A l’issue des débats, le juge de l’exécution a indiqué que le jugement, après qu’il en ait délibéré conformément à la loi, serait rendu par mise à disposition au greffe le 27 mai 2025.
Signé par Alexandra VILLEGAS, juge de l’exécution et Houria CHABOUA, greffière présente lors du prononcé.
DEMANDERESSE :
S.A.S. BOPIN ENTREPRISE,
société par actions simplifiée immatriculée au RCS de [Localité 5] sous le n° 853 757 920 dont le siège social se situe [Adresse 3], prise en la personne de son représentant légal domicilié en cette qualité audit siège
Représentée par Maître Yves HADDAD substitué par Maître Olivier HASENFRATZ, avocats au barreau de Toulon
DEFENDERESSE :
S.C.I. ABRIALIS,
société civile immobilière immatriculée au RCS de [Localité 4] sous le n° 499 527 661 dont le siège social se situe [Adresse 1], prise en la personne de son représentant légal domicilié en cette qualité audit siège
Représentée par Maître Jean-Luc GROUSELLE, avocat au barreau de Draguignan
Grosse délivrée le :
à : Me Jean-Luc GROUSELLE
Me Yves HADDAD – 0124
Copie délivrée le :
à : S.A.S. BOPIN ENTREPRISE (LRAR + LS)
S.C.I. ABRIALIS (LRAR + LS)
Copie dossier
EXPOSE DU LITIGE
Par ordonnance de référé du 06 mars 2024, le président du tribunal judiciaire de Draguignan a notamment :
— constaté l’acquisition de la clause résolutoire insérée au contrat de bail conclu le 08 février 2022 entre la SCI ABRIALIS et la SAS BOPIN ENTREPRISE à la date du 05 novembre 2023,
— ordonné à défaut de restitution volontaire des lieux dans le mois de la signification de l’ordonnance, l’expulsion de la SAS BOPIN ENTREPRISE et de tout occupant de son chef des lieux loués avec le concours, en tant que de besoin, de la force publique et d’un serrurier,
— condamné la SAS BOPIN ENTREPRISE à payer à la SCI ABRIALIS une indemnité d’occupation provisionnelle d’un montant de 1.130 € par mois à compter du 05 novembre 2023 et ce jusqu’à la libération complète des lieux,
— condamné la SAS BOPIN ENTREPRISE à payer à la SCI ABRIALIS une provision de 2.410,66 € à valoir sur les loyers impayés arrêtés au 04 novembre 2023, outre les intérêts au taux légal à compter de la décision,
— condamné la SAS BOPIN ENTREPRISE à payer à la SCI ABRIALIS une somme de 1.200€ sur le fondement de l’article 700 du code de procédure civile.

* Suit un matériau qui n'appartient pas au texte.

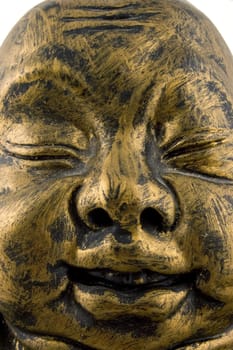 close up of golden buddha face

Par acte du 05 septembre 2024, dénoncé à la SAS BOPIN ENTREPRISE le 12 septembre 2024, la SCI ABRIALIS a fait pratiquer une saisie-attribution entre les mains de la Société Générale pour recouvrement de la somme de16.657,65 € en principal, frais et intérêts.

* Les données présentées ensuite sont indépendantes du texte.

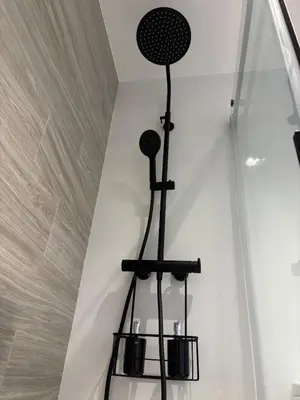a black chandelier hanging from a ceiling at Apartamento en Valencia Ruzafa in Valencia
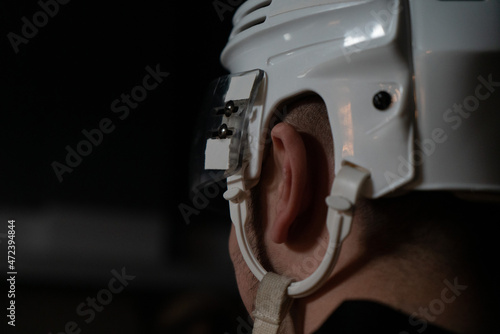 hockey player in white helmet close up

Par exploit délivré le 11 octobre 2024, la SAS BOPIN ENTREPRISE a fait assigner la SCI ABRIALIS devant le juge de l’exécution du tribunal judiciaire de Toulon aux fins de voir :
— ordonner la nullité du procès-verbal de saisie-attribution,
— ordonner la mainlevée de la saisie-attribution,
— condamner la SCI ABRIALIS à lui verser la somme de 2.000 € au titre de l’article 700 du code de procédure civile.
Après avoir fait l’objet d’un renvoi, le dossier a été retenu lors de l’audience du 25 mars 2025.
La SAS BOPIN ENTREPRISE a soutenu les termes de son acte introductif d’instance.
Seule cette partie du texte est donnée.